None of this is an argument against abstraction, and I want to be clear about that, because the lazy reading is to distrust every layer and try to understand everything down to the metal, which is both impossible and pointless. Take the loan. Someone who refuses every abstraction ships nothing. The discipline isn’t abstinence; it’s knowing you’re carrying a balance, keeping a rough sense of where it sits, and not being shocked when it’s called. The engineers I trust most aren’t the ones who avoid abstractions, and they aren’t the ones who worship them. They’re the ones who can tell you roughly what their stack is hiding and where it’s likeliest to give, the ones who aren’t surprised at 3am because they always knew the bill was coming, just not the hour. That’s the same move I started the series with, only one level down: stay close enough to the world the interface hides that the day it shows itself, it’s a cost you’d already budgeted for, and not a stranger in the dark.

If your own stack has a setting nobody dares touch and nobody remembers adding, tell me about it. Those are the good ones.

Sources & Further Reading

Footnotes

  1. I’ll never get over how good the Unix and Linux “everything is a file” idea is. Your disk is a file, your terminal is a file, a running process is a directory you can read, a network socket reads like one, and the kernel will hand you the machine’s own memory and state as plain text under /proc. None of those things is “really” a file; the virtual file system is a layer of indirection draped over wildly different hardware and concepts, presenting one boringly uniform interface you can cat, grep, and pipe. It’s the cleanest demonstration I know of the old line that any problem in computer science can be solved by another level of indirection, usually credited to David Wheeler (the inventor of the subroutine) and made famous by Butler Lampson in his 1993 Turing Award lecture. The corollary even fits this post: except the problem of too many layers of indirection. File systems are just cool. If any of this makes you want to go properly deep, two references earn their shelf space: Michael Kerrisk’s The Linux Programming Interface (No Starch Press), which documents this file model down to the last system call, and Andrew Tanenbaum’s Modern Operating Systems, still the clearest account of why it all works the way it does.

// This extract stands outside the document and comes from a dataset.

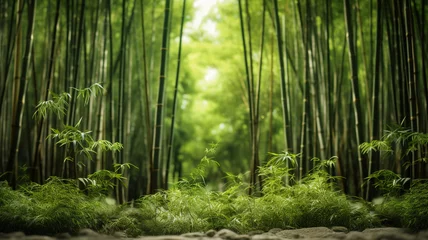 Foto auf Glas Bamboo forest. © toeytoey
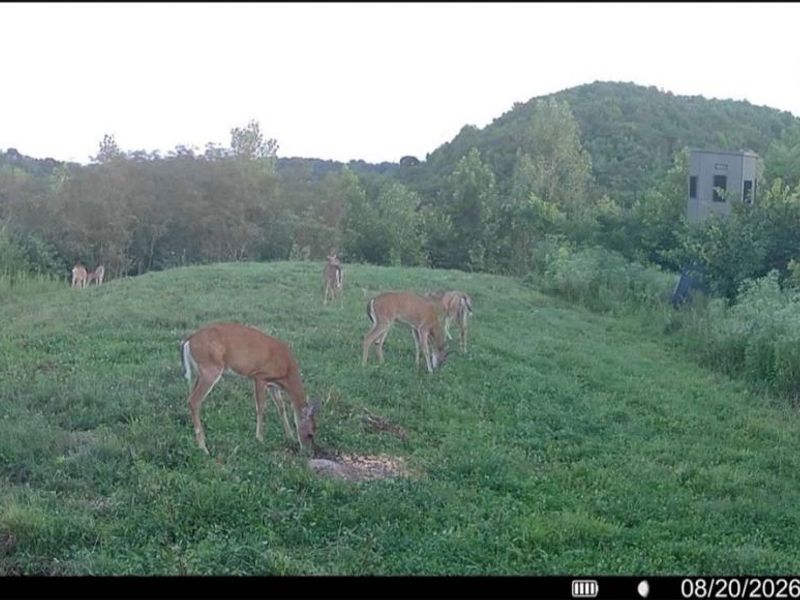 County Road 181, Ironton, OH 45638 Photo 6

  2. On a related note: an abstraction that’s genuinely context-free can be compressed with nothing lost, because each piece means the same thing no matter what surrounds it. The vector instructions we were complaining about weren’t context-free. Their real meaning lived in the loads and stores around them, the memory access pattern they belonged to, and that surrounding context is exactly what the abstraction threw away. Compress something context-free and you lose nothing; compress something context-dependent and you lose the one part that mattered.